# kaggle study 30일차(New-York taxi)
코드출처 : https://www.kaggle.com/danijelk/beat-the-benchmark

In [1]:
## 라이브러리
import numpy as np
import pandas as pd
import xgboost as xgb
from sklearn.preprocessing import LabelEncoder

In [2]:
## 데이터 읽기
train = pd.read_csv('C:/Users/이동훈/Desktop/github/kaggle/kagglestudy/Data/Newyork/train.csv')
test = pd.read_csv('C:/Users/이동훈/Desktop/github/kaggle/kagglestudy/Data/Newyork/test.csv')

In [3]:
## 날짜형으로 변경
train['pickup_datetime'] = pd.to_datetime(train['pickup_datetime'])
test['pickup_datetime'] = pd.to_datetime(test['pickup_datetime'])

In [4]:
## 문자열을 숫자로 변경
le = LabelEncoder()
le.fit(train['store_and_fwd_flag'])
train['store_and_fwd_flag'] = le.transform(train['store_and_fwd_flag'])
test['store_and_fwd_flag'] = le.transform(test['store_and_fwd_flag'])

#### New features

In [5]:
train['month'] = train['pickup_datetime'].dt.month
train['day'] = train['pickup_datetime'].dt.day
train['weekday'] = train['pickup_datetime'].dt.weekday
train['hour'] = train['pickup_datetime'].dt.hour
train['minute'] = train['pickup_datetime'].dt.minute

test['month'] = test['pickup_datetime'].dt.month
test['day'] = test['pickup_datetime'].dt.day
test['weekday'] = test['pickup_datetime'].dt.weekday
test['hour'] = test['pickup_datetime'].dt.hour
test['minute'] = test['pickup_datetime'].dt.minute

train['dist_long'] = train['pickup_longitude'] - train['dropoff_longitude']
test['dist_long'] = test['pickup_longitude'] - test['dropoff_longitude']

train['dist_lat'] = train['pickup_latitude'] - train['dropoff_latitude']
test['dist_lat'] = test['pickup_latitude'] - test['dropoff_latitude']
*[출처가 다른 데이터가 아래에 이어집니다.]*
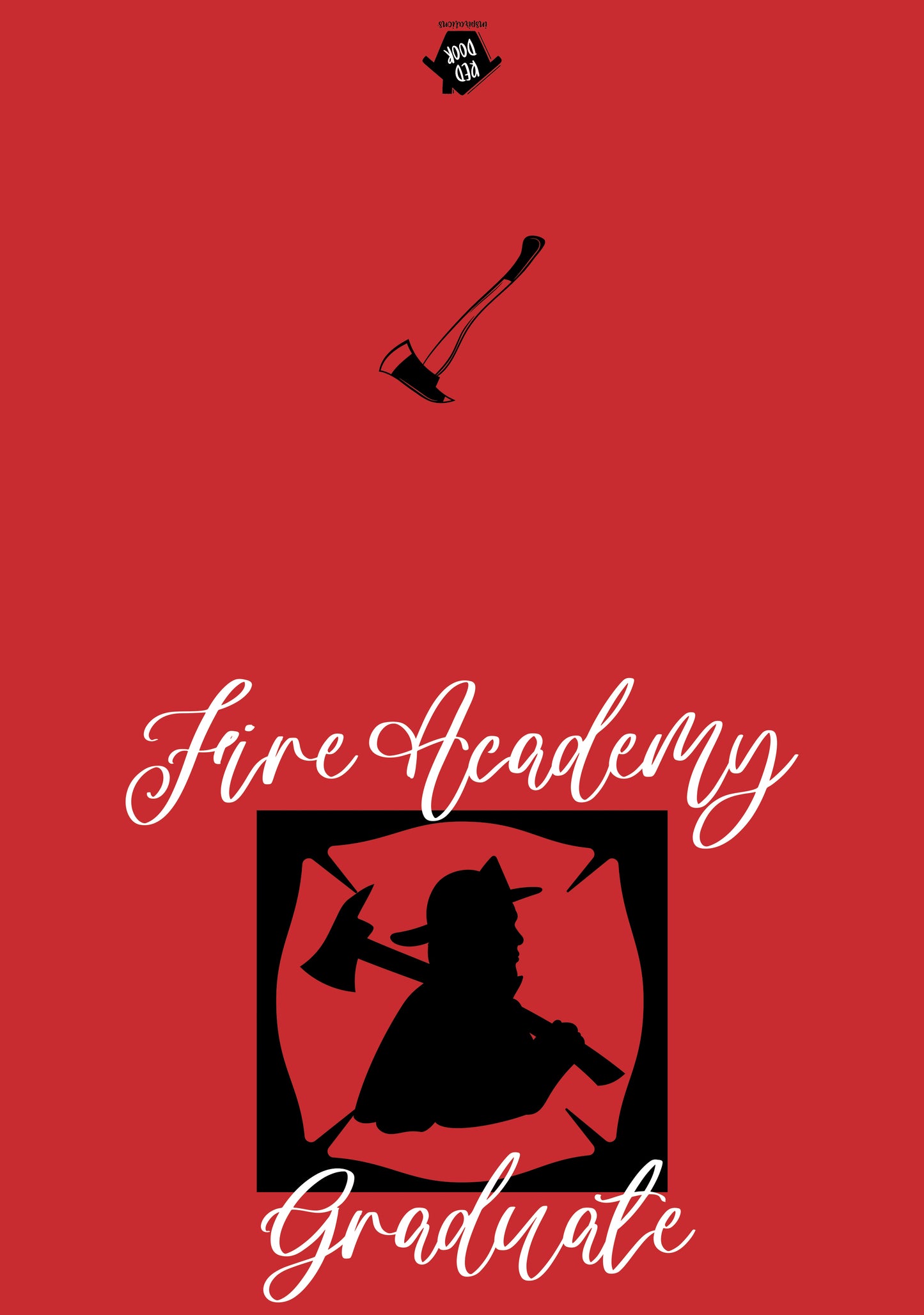 Fire Academy Graduation Card - Single Card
train['dist'] = np.sqrt(np.square(train['dist_long']) + np.square(train['dist_lat']))
test['dist'] = np.sqrt(np.square(test['dist_long']) + np.square(test['dist_lat']))

#### spatial features: count and speed

In [6]:
train['pickup_longitude_bin'] = np.round(train['pickup_longitude'], 2)
train['pickup_latitude_bin'] = np.round(train['pickup_latitude'], 2)
train['dropoff_longitude_bin'] = np.round(train['dropoff_longitude'], 2)
train['dropoff_latitude_bin'] = np.round(train['dropoff_latitude'], 2)
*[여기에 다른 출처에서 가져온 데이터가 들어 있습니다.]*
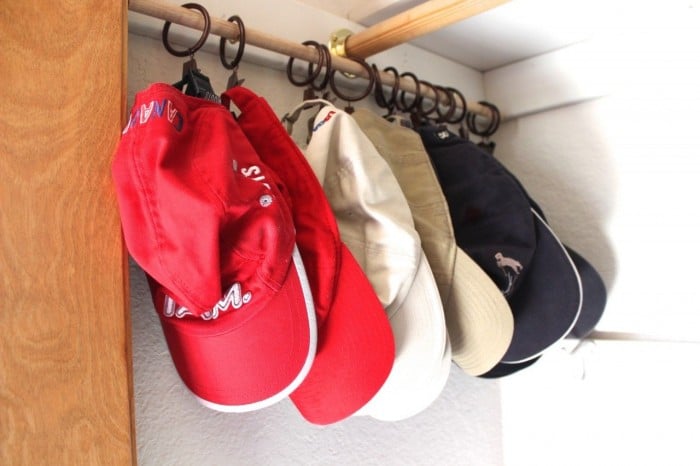 ball cap storage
test['pickup_longitude_bin'] = np.round(test['pickup_longitude'], 2)
test['pickup_latitude_bin'] = np.round(test['pickup_latitude'], 2)
test['dropoff_longitude_bin'] = np.round(test['dropoff_longitude'], 2)
test['dropoff_latitude_bin'] = np.round(test['dropoff_latitude'], 2)

#### count features

In [8]:
a = pd.concat([train,test]).groupby(['pickup_longitude_bin', 'pickup_latitude_bin']).size().reset_index()
b = pd.concat([train,test]).groupby(['dropoff_longitude_bin', 'dropoff_latitude_bin']).size().reset_index()

train = pd.merge(train, a, on = ['pickup_longitude_bin', 'pickup_latitude_bin'], how = 'left')
test = pd.merge(test, a, on = ['pickup_longitude_bin', 'pickup_latitude_bin'], how = 'left')
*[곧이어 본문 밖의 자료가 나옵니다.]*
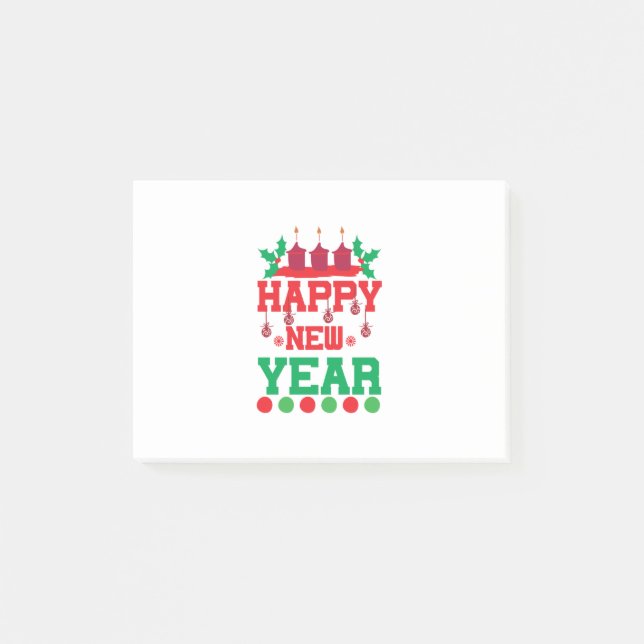 Merry Xmas Happy New Year Post-it Notes (Front)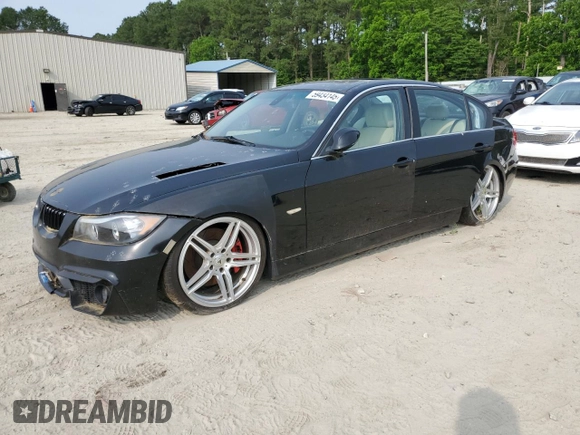 2007 BMW 3 Series 335i with VIN WBAVB73557VF51747, listed as a Copart auction lot 59434145 with Not provided miles and Clean title. Bid and sale history available at DreamBid. Image 1.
train = pd.merge(train, b, on = ['dropoff_longitude_bin', 'dropoff_latitude_bin'], how = 'left')
test = pd.merge(test, b, on = ['dropoff_longitude_bin', 'dropoff_latitude_bin'], how = 'left')

#### speed features

In [9]:
train['speed'] = 100000*train['dist'] / train['trip_duration']

a = train[['speed', 'pickup_longitude_bin', 'pickup_latitude_bin']].groupby(['pickup_longitude_bin', 'pickup_latitude_bin']).mean().reset_index()
a = a.rename(columns = {'speed': 'ave_speed'})
b = train[['speed', 'dropoff_longitude_bin', 'dropoff_latitude_bin']].groupby(['dropoff_longitude_bin', 'dropoff_latitude_bin']).mean().reset_index()
b = b.rename(columns = {'speed': 'ave_speed'})

train = pd.merge(train, a, on = ['pickup_longitude_bin', 'pickup_latitude_bin'], how = 'left')
test = pd.merge(test, a, on = ['pickup_longitude_bin', 'pickup_latitude_bin'], how = 'left')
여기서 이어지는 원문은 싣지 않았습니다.